> _Task details_: Copy, word for word, the line containing "Ice Cream Black" and each line that follows it in the entries below; pictures do not belong in the copy.

> _Exercise materials_:
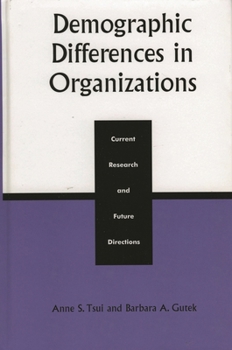Hardcover Demographic Differences in Organizations Book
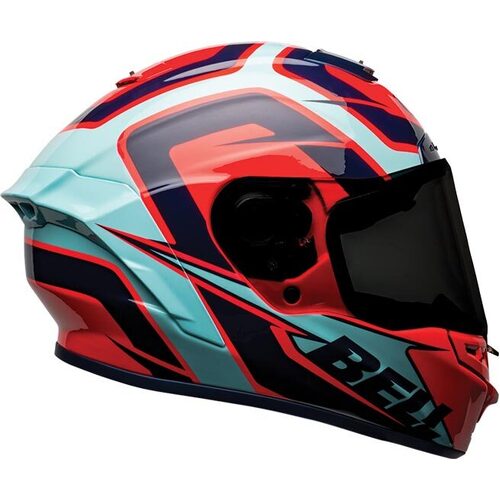 Bell Star Dlx Mips Special Edition Labryinth Helmet - Blue/Red - S - SKU:BE7131653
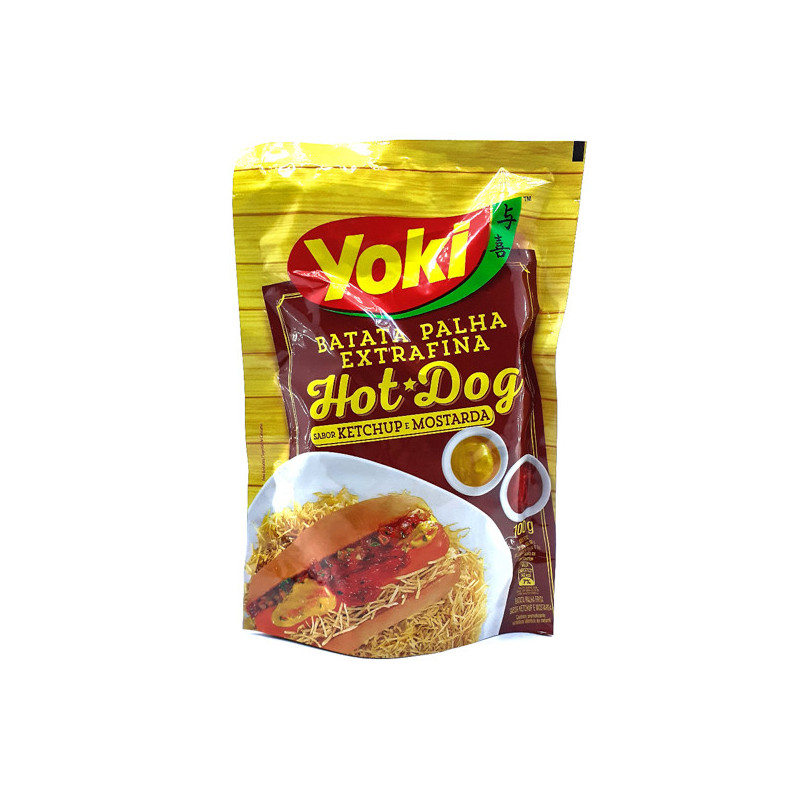 BATATA PALHA EXTRAFINA KETCHUP E MOSTARDA YOKI SACHÊ 100G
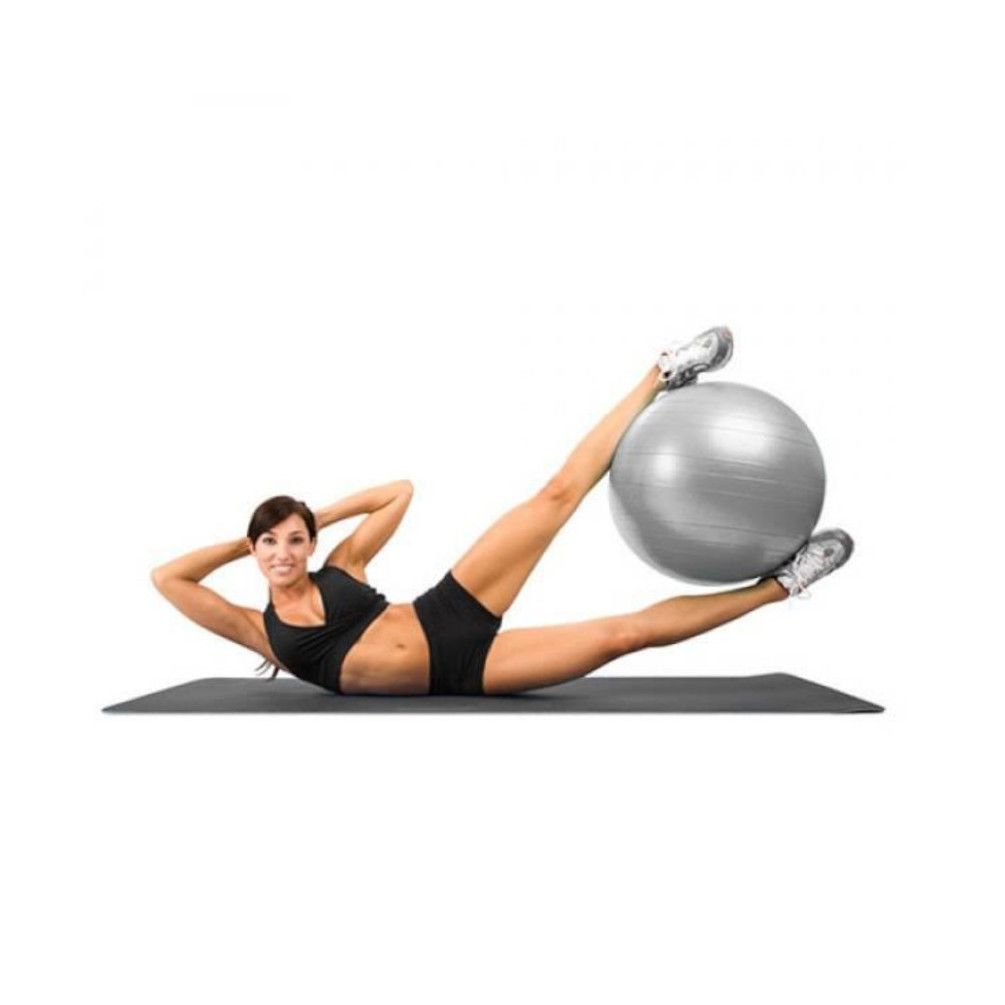 HUWAI-F Ballon de Fitness Suisse Epais Exercice de Yoga Gym Stabilité  Anti-Explosion avec Pompe à Main 55cm 65cm 75cm pour Entraînement Grossesse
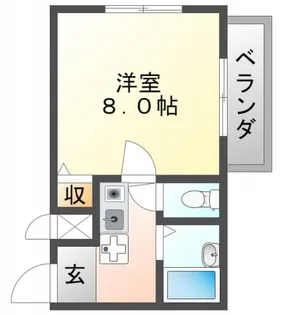 光栄ハイツ江坂【4階】の間取り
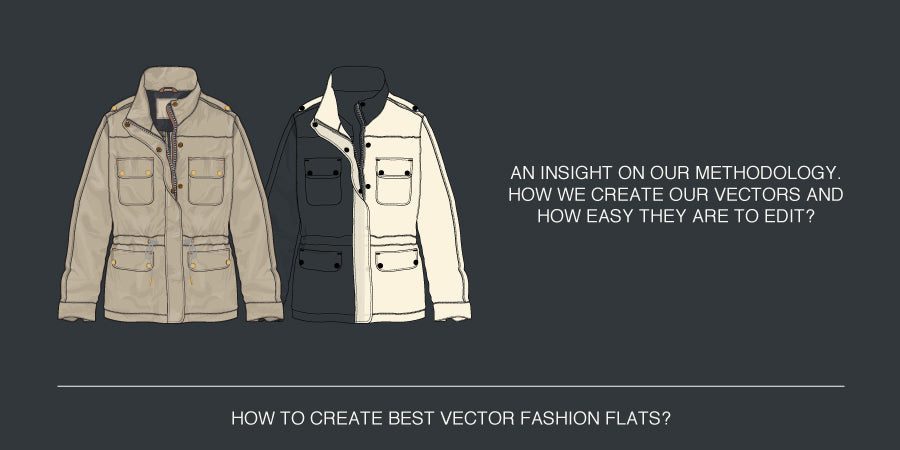 how to create best vector fashion flats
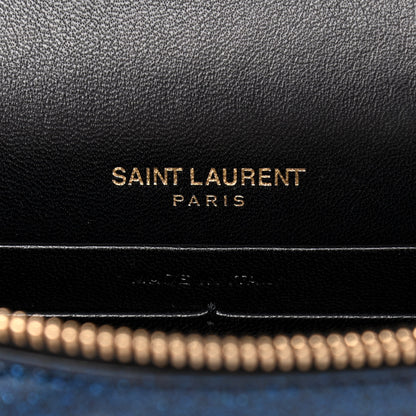 Saint Laurent Glitter Small Monogram Kate Tassel Satchel Cobalt 6 of 9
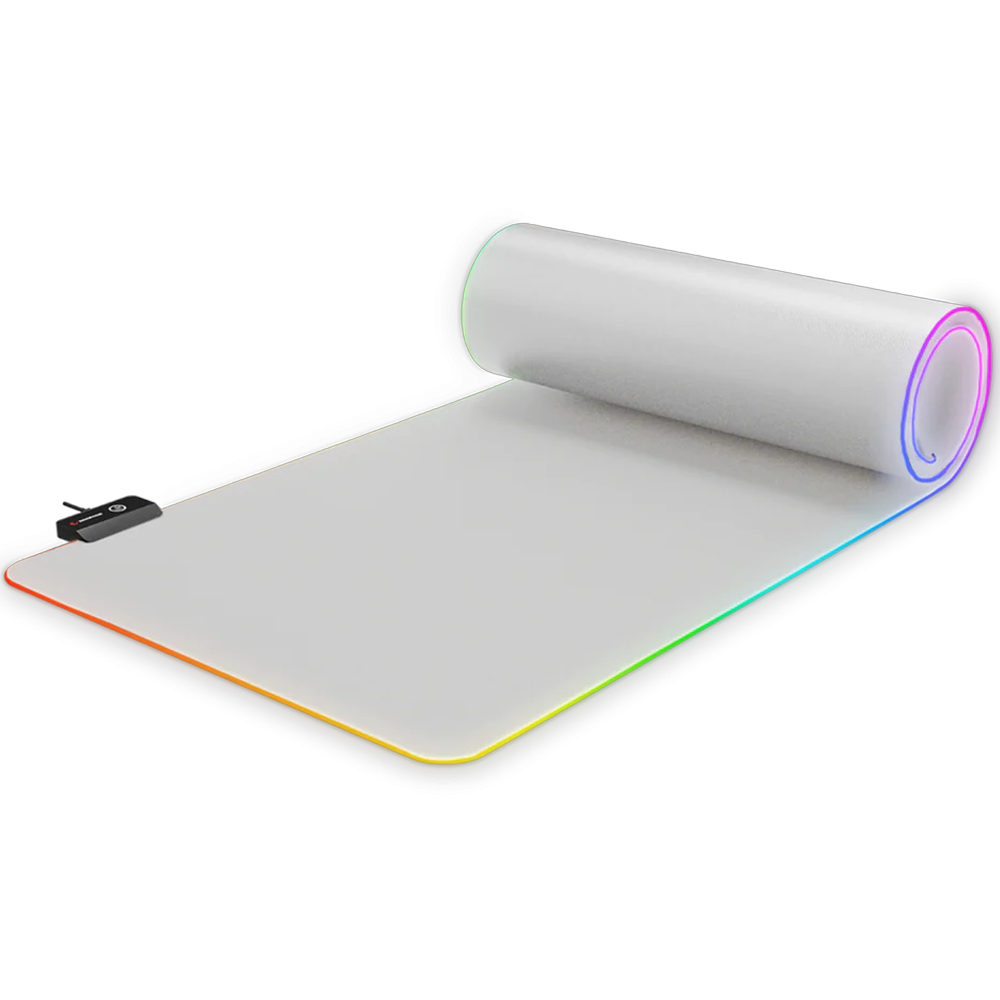 Rampage MP-22 Pulsar Gri XL RGB Ledli Gaming Mouse Pad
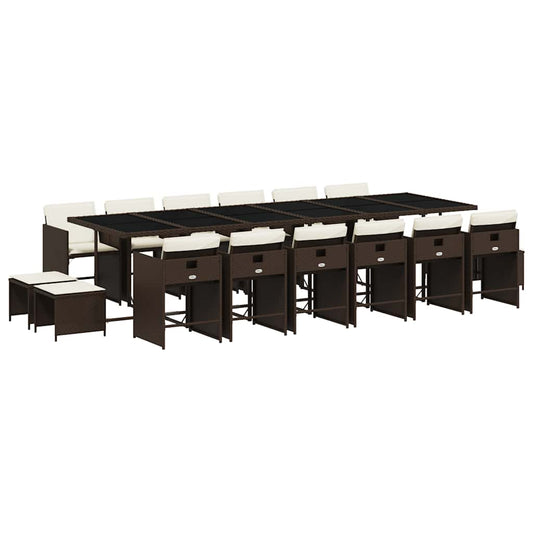 vidaXL Garden Dining Set | Brown
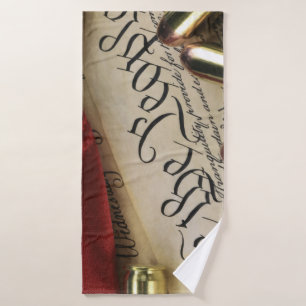 Declaration of Independence   Bath Towel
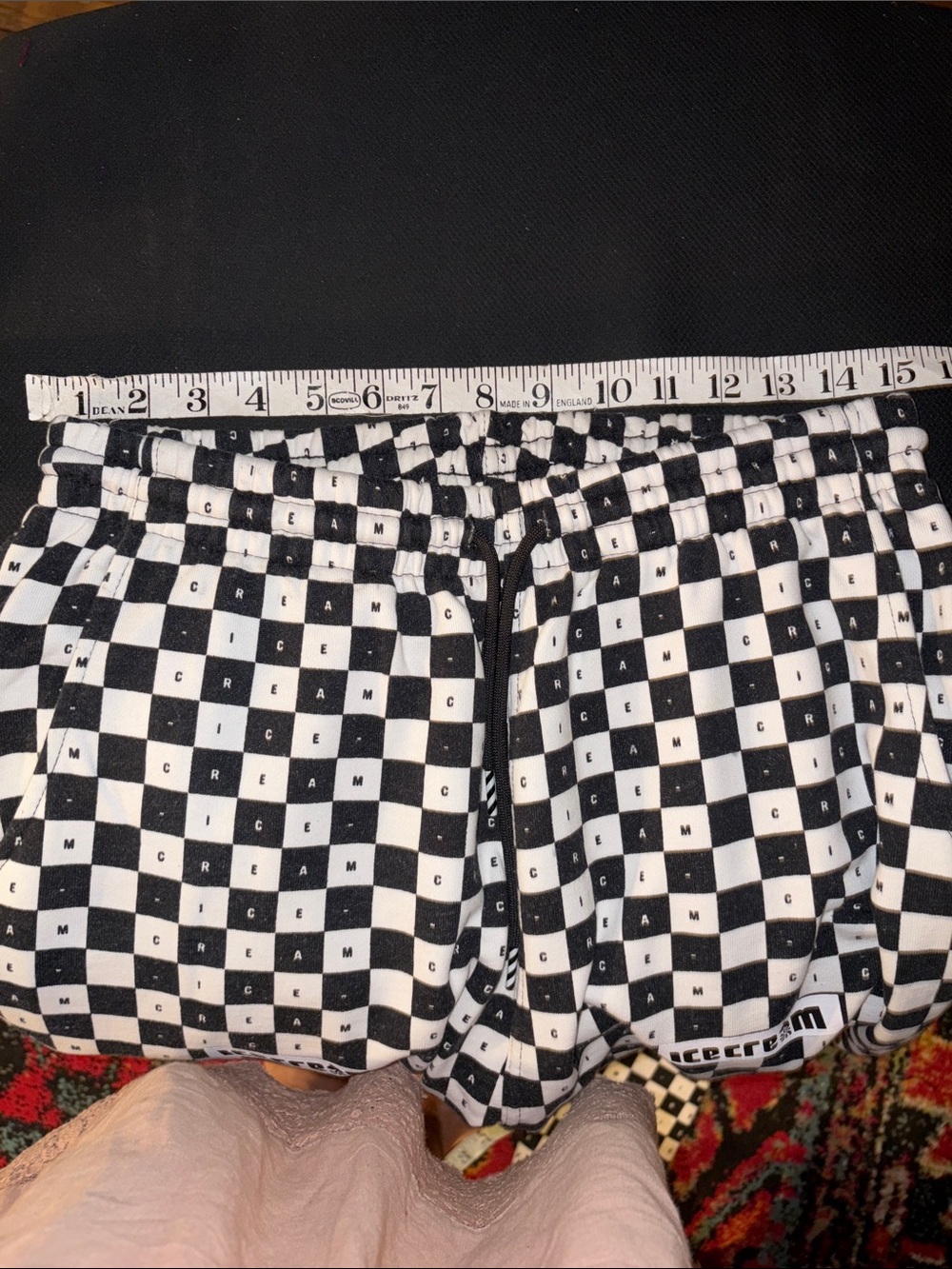 Ice Cream Black & White Checkerboard Joggers - Picture 6 of 12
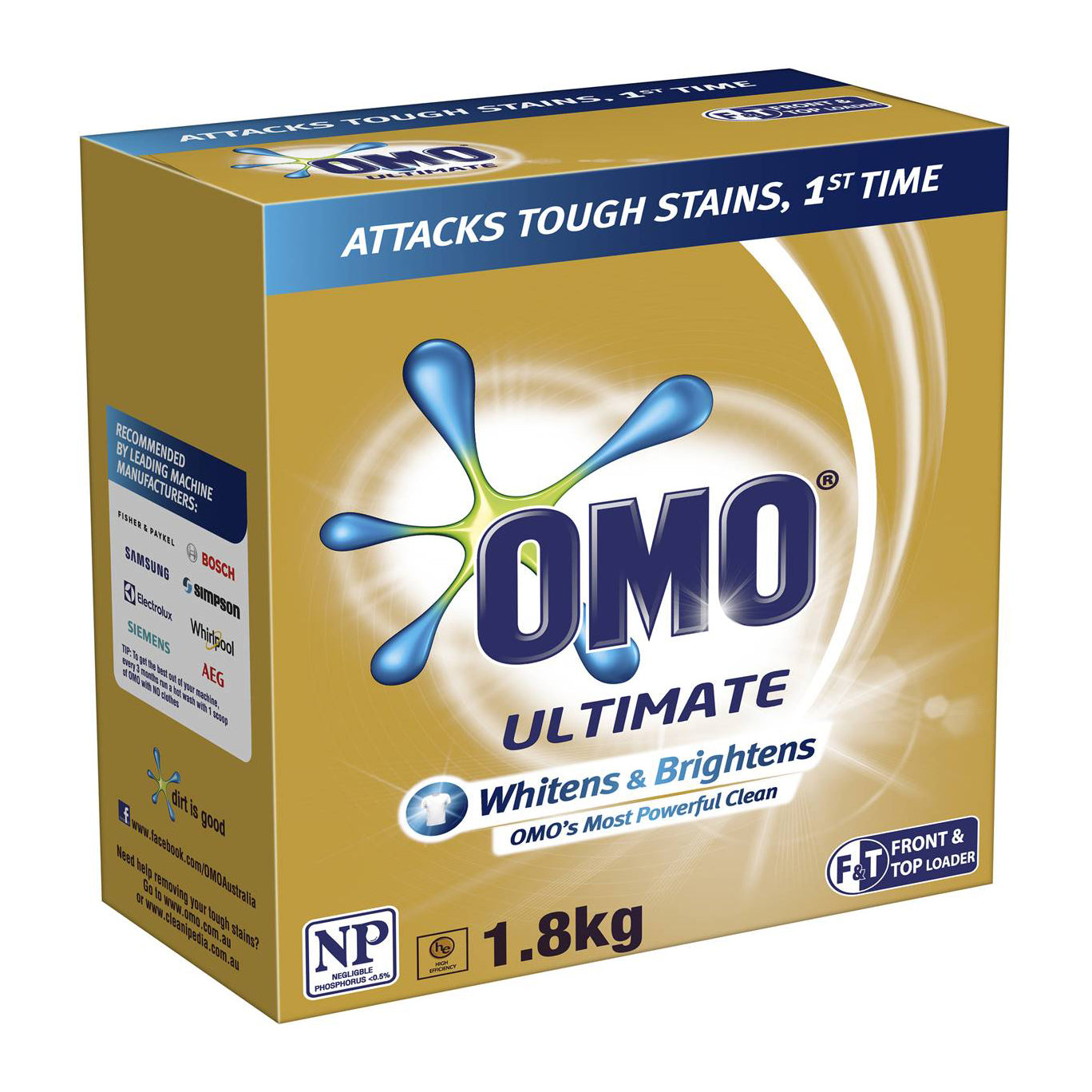 Omo Ultimate Laundry Powder Front & Top Loader 1.8kg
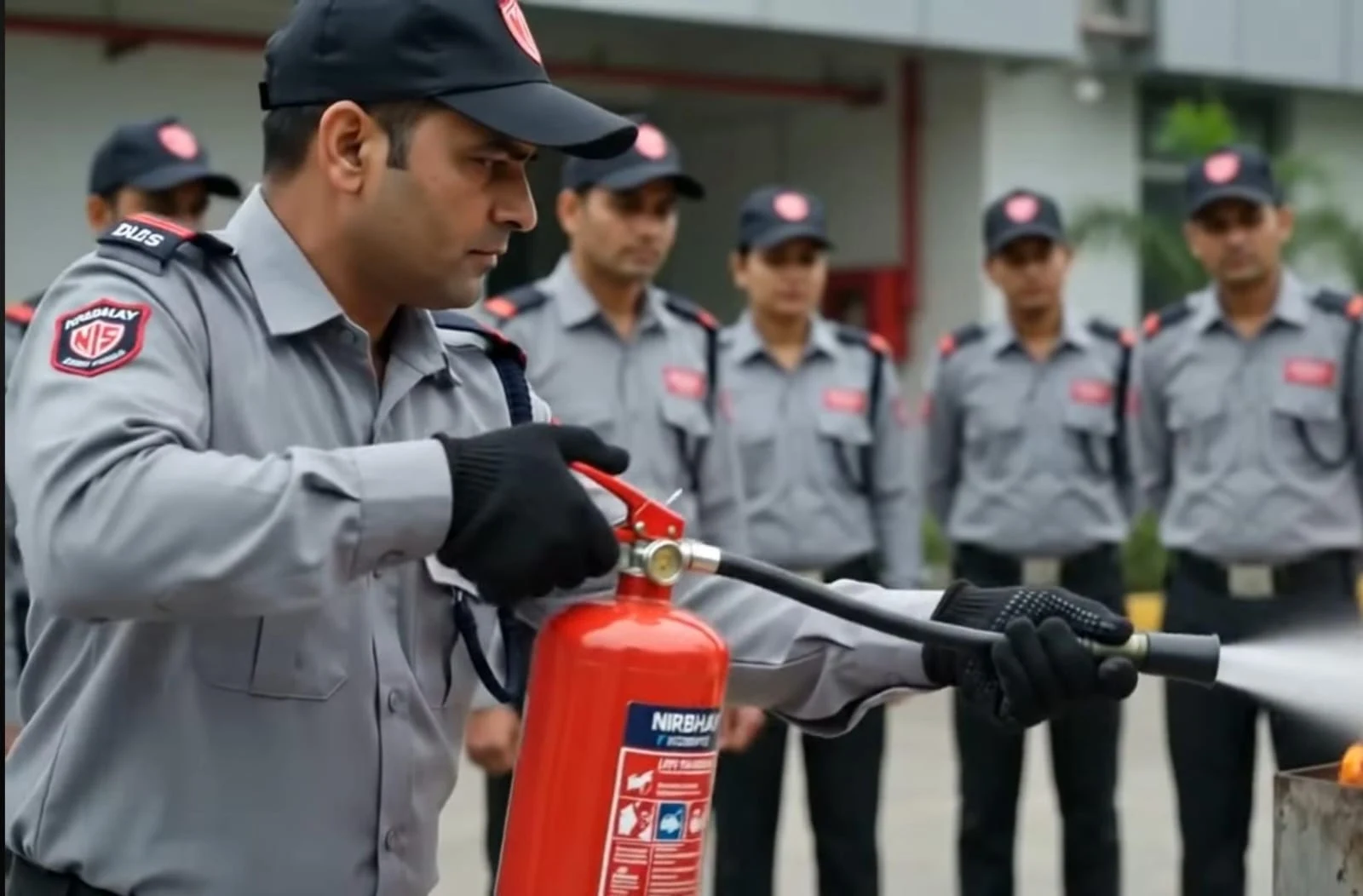 Real fire safety practice image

> _Result of the task_:
 Ice Cream Black & White Checkerboard Joggers - Picture 6 of 12
 Omo Ultimate Laundry Powder Front & Top Loader 1.8kg
 Real fire safety practice image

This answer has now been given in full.